Writing Dares

I like deadlines. I especially like deadlines with consequences. If other people are counting on me? Better still. That type of pressure gives me a high. I will gleefully work till midnight, brew another pot of coffee, and work till dawn.

But I’m new to the novel game. I don’t have any outstanding book contracts, and I don’t have an agent breathing down my neck for my next book. My deadlines are all self-imposed, and as such, are easily ignored. Sadly, my cat does not hold me accountable, even when I ask.

Enter the “writing dare.” I suppose it grew out of the popularity of NaNoWriMo, which challenges all players to write a 50,000-word novel in one month. There’s a comaraderie to burning the midnight oil with other writers, even if you’re a city, a state, or several continents away from each other. There’s a defined start and end to the challenge, defined rules, and even cute graphics you can add to your website if you “win.”

Dares are a fabulous motivators for some writers, but what we still lack is accountability.

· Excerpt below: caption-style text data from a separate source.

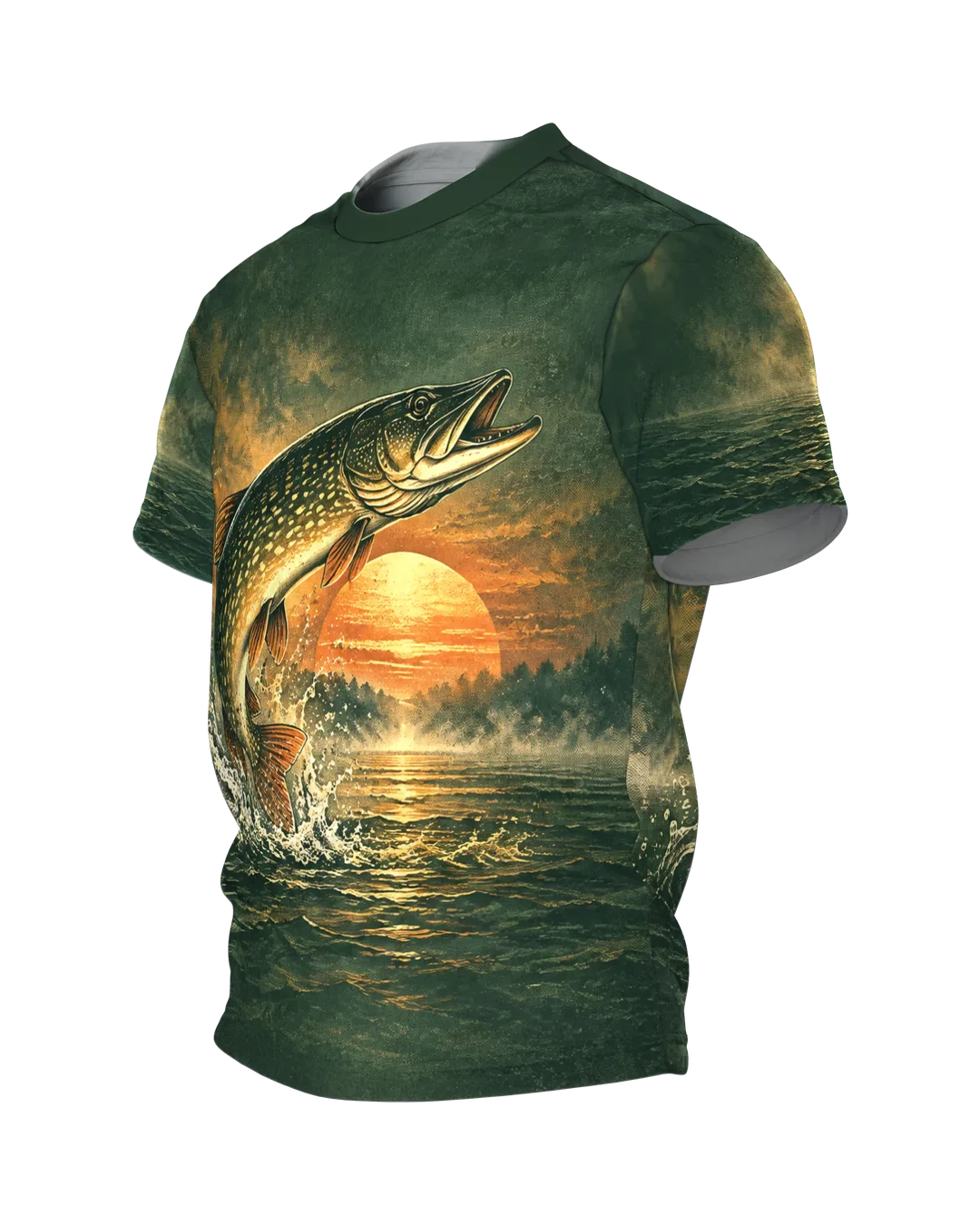 Springender Hecht bei Sonnenaufgang T-Shirt, Entwurfsfassung, Seitenansicht rechts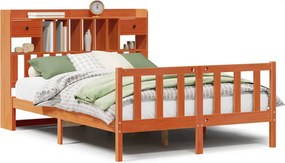 vidaXL Pat cu bibliotecă fără saltea maro 140x190 cm lemn masiv de pin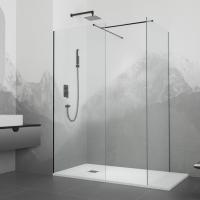 Душевая перегородка RGW WA-020B (WA-010B (2 шт.) + S-1220 B) 1200x1000, стекло прозрачное, профиль черный фото в интернет-магазине Русалия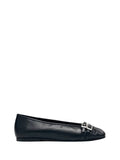 Profile view of a single ALOHAS black leather ballet flat featuring a square toe and double silver buckle straps against a plain white background.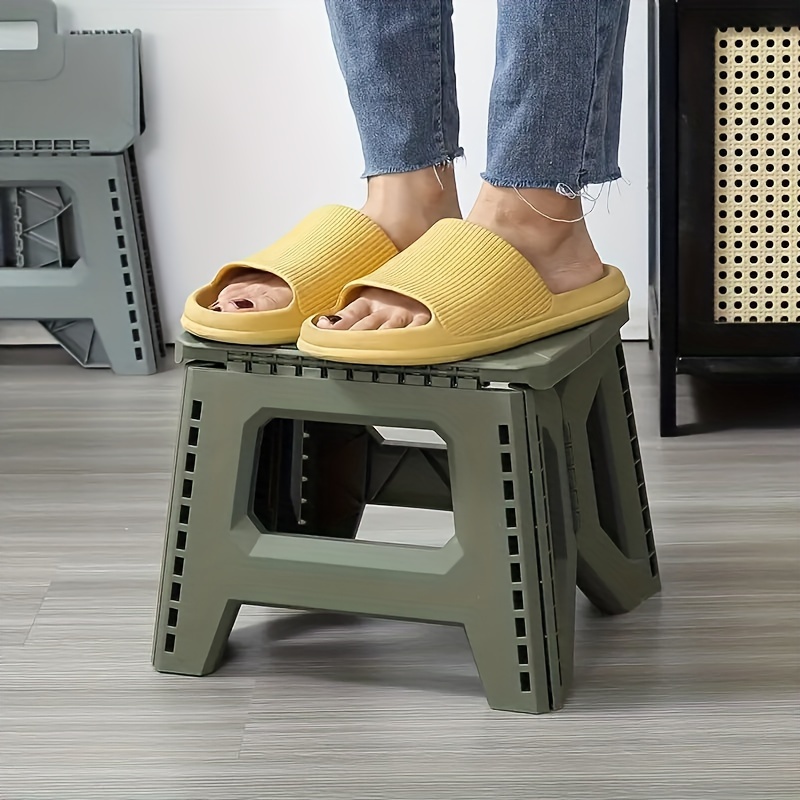 Heavy-Duty Thickened Portable Folding Stool with Handle - 1 Pack Square Plastic Collapsible Stool for Indoor, Gatherings, Picnic, Fishing | Durable PP, Adult-Supporting up to 330lbs, No Electricity or Batteries Needed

The people who participate in dares generally like deadlines, but like me, they generally thrive if there’s a consequence for not meeting them. I’ve never run a dare where there was a price for failing to meet one’s goals, and I think that’s a big problem with the system. But what is a good price?

Tomorrow, I’m starting a new dare called “Labor Till Labor Day.” Give me a hand, and tell me how to incorporate accountability into the system. And hey, while you’re at it, give us a goal and join in.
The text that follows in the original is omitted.